To begin with, he’s the star, the director, the writer and the producer. If the movie flies or if it flops, he’ll take the bows—or the boos. And he’s obviously big on the story, based on a 2009 nonfiction book of the same name by Robert Edsel and Bret Witter.
Historically, the Monuments Men were a group of artists, art historians and museum curators commissioned by the American and British armies during World War II to help protect the historic monuments of Europe from Allied bombing. After the war, they fanned out on an even more daunting five-year mission: to recover, catalog and return millions of precious artifacts—paintings, sculptures, tapestries and religious relics—that had been stolen by the Nazis.
The movie takes a few creative liberties with the facts, but it’s mostly true, and the characters are mostly based on, or inspired by, real people.

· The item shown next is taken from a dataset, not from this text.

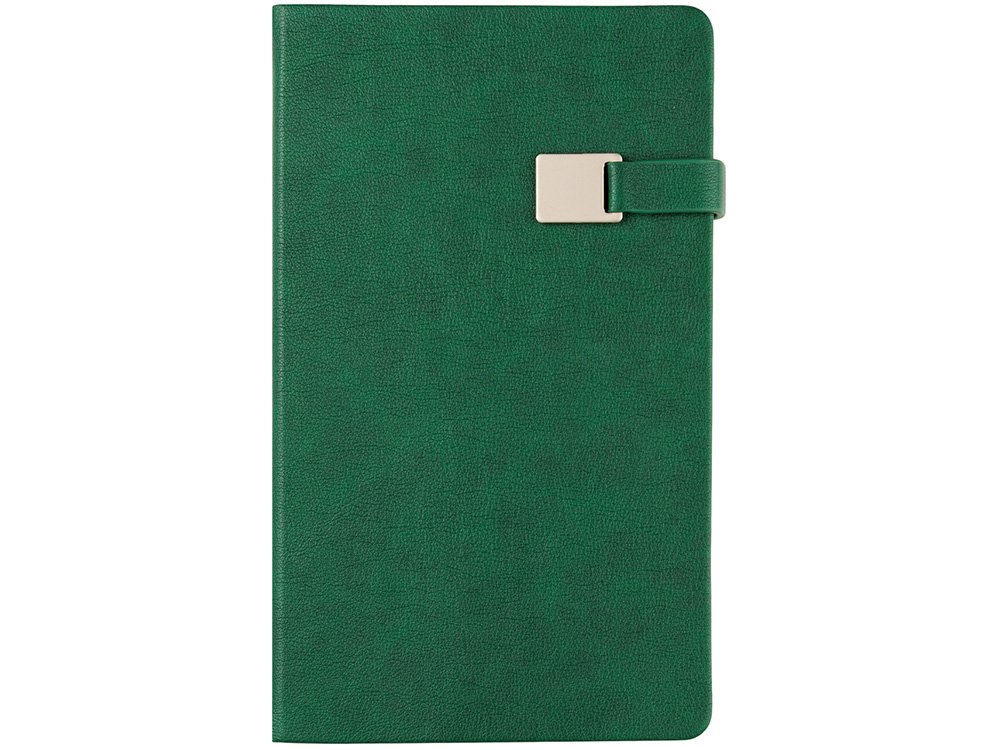 Ежедневник недатированный А5 Premier, зеленый-3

Clooney and his cast mates (Matt Damon, Bill Murray, John Goodman, Cate Blanchett, Bob Balaban, Hugh Bonneville and Jean Dujardin) make a fine-looking international ensemble, even if sometimes the movie’s star power, combined with overly familiar war-movie scenes, sometimes feels like Oceans 11 plus Saving Private Ryan divided by Raiders of the Lost Ark.

Matt Damon & Cate Blanchett
The bigger problem, though, is how ironically, in the midst of its “bigness,” so much of the movie seems small. Its series of disjointed, scattered moments never really come together into a larger, dramatic whole. The large cast is confined to playing strictly on the surface—we never really learn anything about any of the characters. The humor is flat, the emotion sappy and the drama tepid; although the Monuments Men are supposed to be on the war’s front lines, they rarely seem to be, or behave like, they’re in any real danger.

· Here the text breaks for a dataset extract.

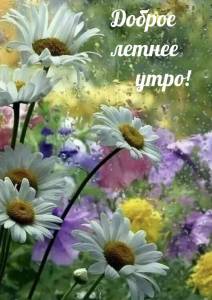 imagetext_ru_26547.jpg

The film also treads lightly—too lightly, perhaps—on the terrible human toll of the Holocaust, like in a scene in which the men examine the smoldering frame of a Picasso painting that the Nazis destroyed, then turn to find a barrel filled with gold teeth extracted from slaughtered concentration camp prisoners.
Oh…teeth. Now, back to paintings.
The Monuments Men isn’t going to win any awards, but it does shine a high-profile Hollywood light on a little-known chapter of history—and a fact of wartime looting and cultural pillaging that still happens today.

“Was it worth it?” Clooney’s character is asked at the end of the movie. Thirty years from now, his superiors wonder, will people remember, or appreciate, all that went into recovering some 5 million pieces of priceless European civilization?
Thanks to George Clooney’s big, ambitious movie, perhaps now they—we—will. It’s just too bad that, given such a great group of actors and such a monumental story, it doesn’t do a bit of a better job of it.